Here is the excerpt from his book which I believe AP members will find most interesting. It concerns the personalities of the grand duchesses, and their treatment at the hands of the Ipatiev House guards.
Valéntin Spéranski, “La Maison à destination spéciale: La tragédie d’Ekaterinenbourg,” J. Ferenczi & Fils, 1929, pp. 55-58.
[This is my own, very literal translation into English from the original French. The author is asking a former guard questions about the imperial family. The following is the section about OTMA:]
“What impression did the girls make on you?”
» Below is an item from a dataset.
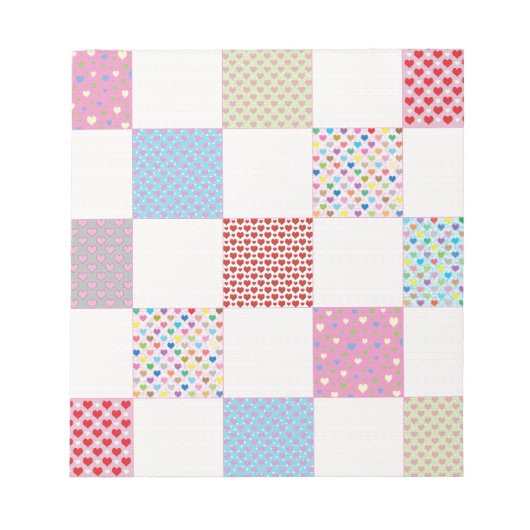 Farbenfrohe Herz-Quilt-Muster Notizblock (Vorderseite)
“Nothing in particular, I knew them all by name and I could recognize them from far away. Only Tatiana, like her mother, was not without arrogance, she was not disposed to talk to men of the people. However she smiled agreeably when she encountered decent and correct guards. The eldest, Olga Nicolaevna, was, like her brother, pale and sickly, but that did not prevent her from being boisterous. Her eyes, most of the time, appeared sad and tired. During the walk she stood apart from her sisters and looked sadly into the distance. She played the piano more often than her sisters, and when she would play a piece, she would choose something sad and plaintive.”
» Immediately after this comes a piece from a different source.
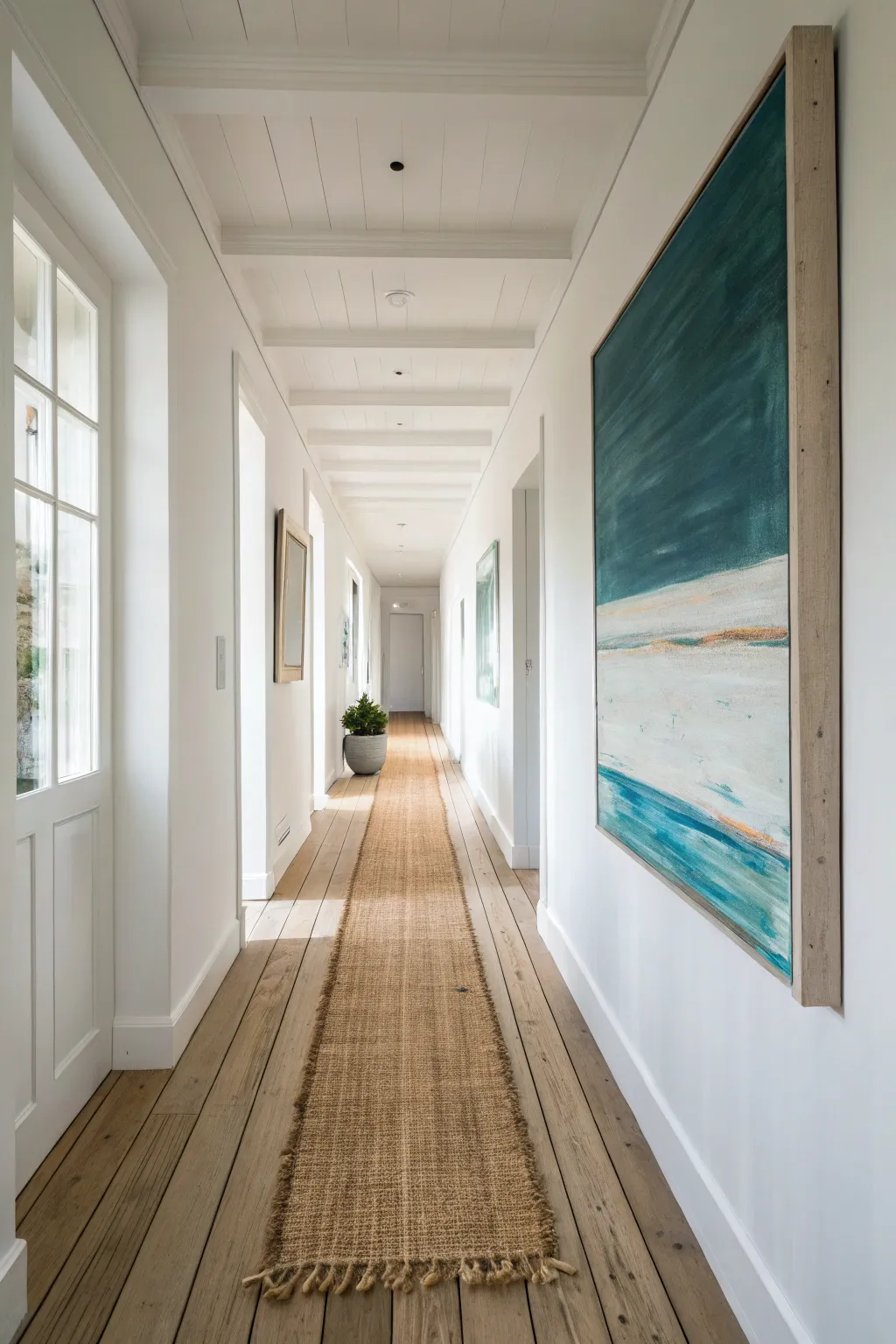 A bold centered artwork at the end wall turns a long hallway into a chic destination.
“Is it true that Marie Nicolaevna more than her sisters pleased the commissars and the guards and that she more than the other members of the family knew how to converse with them?”
“Yes, it’s true, Marie Nicolaevna seemed the most pleasant to me. If she had been well fed and if they had let her stay outside, she would have been a true Russian beauty, even though the blood in her veins was more German, Danish and English than Russian. When Marie Nicolaevna smiled, her eyes shone with such brilliance that it was a pleasure to see. Her face was more often rosy than those of her sisters. Her laughter was so gay and infectious that one derived pleasure from playing and joking with her. One could see that an invincible strength pushed her character to use force: I remember how one day, in the garden, she seized with strength a big tree branch, which she started to swing on until Yurovsky shouted at her in anger, ‘Citizeness Romanov, stop damaging the trees.’”
“And did Anastasia, the youngest of the grand duchesses, please you?”
“That one was a charming little devil. She had such mischief in her that I think you couldn’t get annoyed with her. Lively and boisterous, she continually made comical appearances with her favorite dog, as if putting on a circus. It’s precisely because she was like quicksilver that one of our louts failed to kill her at the window.”